- **Your instructions**: Could you please write out each line of the records exactly, minus the pictures?

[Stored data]
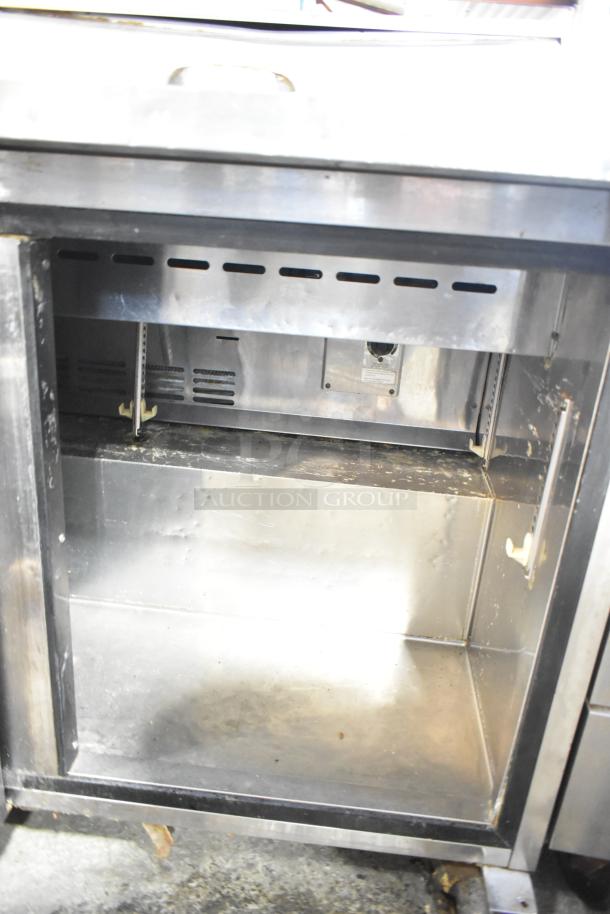 Turbo Air MST-72 Mega Top prep table, stainless steel, visible wear, 115V, commercial casters, Bain Marie compartment.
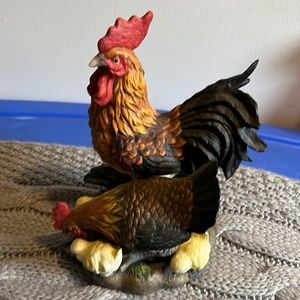 Rooster hen and chicks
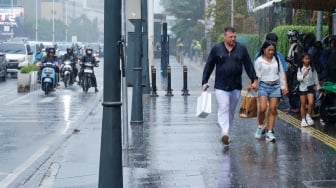 Sejumlah warga beraktivitas saat turun hujan di kawasan Bundaran HI, Jakarta, Selasa (13/1/2026). [Suara.com/Alfian Winanto]
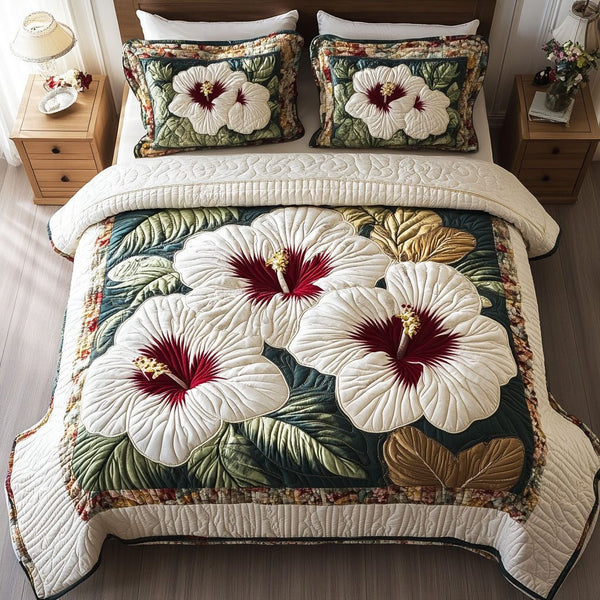 Hibiscus Bloom quilted 3-piece bedding set on a made bed with two matching pillow shams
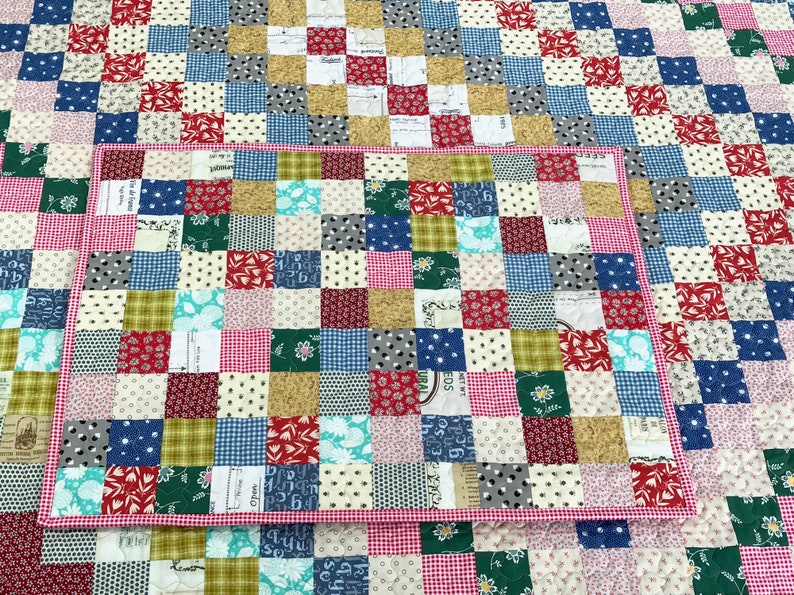 May include: A patchwork quilt and placemat set. The quilt features a grid pattern of various fabric squares in red, blue, green, white, and tan. The placemat has a red gingham border and matches the quilt's color scheme.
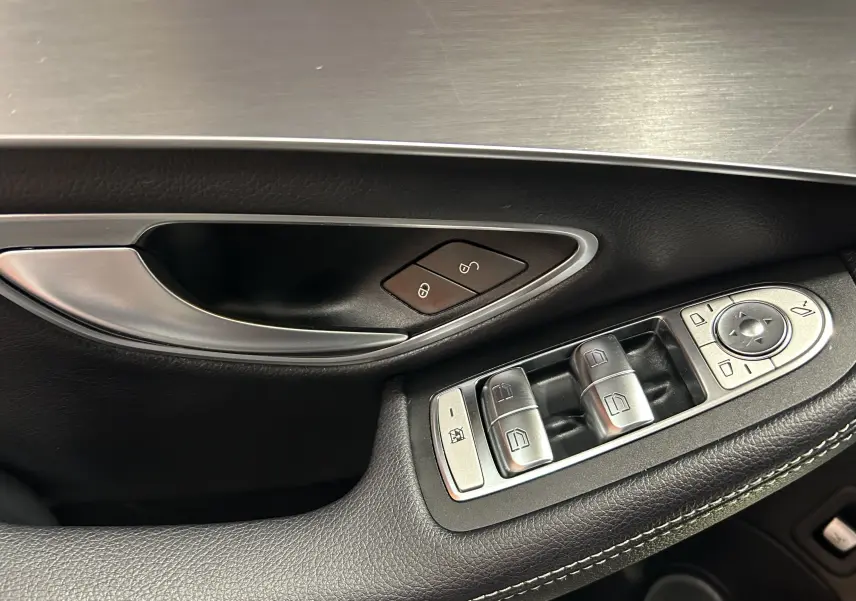 Gros plan sur la commande des vitres et la poignée intérieure côté gauche en cuir noir de la Mercedes Classe C 200d Executive 2018.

- **Output**:
 Turbo Air MST-72 Mega Top prep table, stainless steel, visible wear, 115V, commercial casters, Bain Marie compartment.
 Rooster hen and chicks
 Sejumlah warga beraktivitas saat turun hujan di kawasan Bundaran HI, Jakarta, Selasa (13/1/2026). [Suara.com/Alfian Winanto]
 Hibiscus Bloom quilted 3-piece bedding set on a made bed with two matching pillow shams
 May include: A patchwork quilt and placemat set. The quilt features a grid pattern of various fabric squares in red, blue, green, white, and tan. The placemat has a red gingham border and matches the quilt's color scheme.
 Gros plan sur la commande des vitres et la poignée intérieure côté gauche en cuir noir de la Mercedes Classe C 200d Executive 2018.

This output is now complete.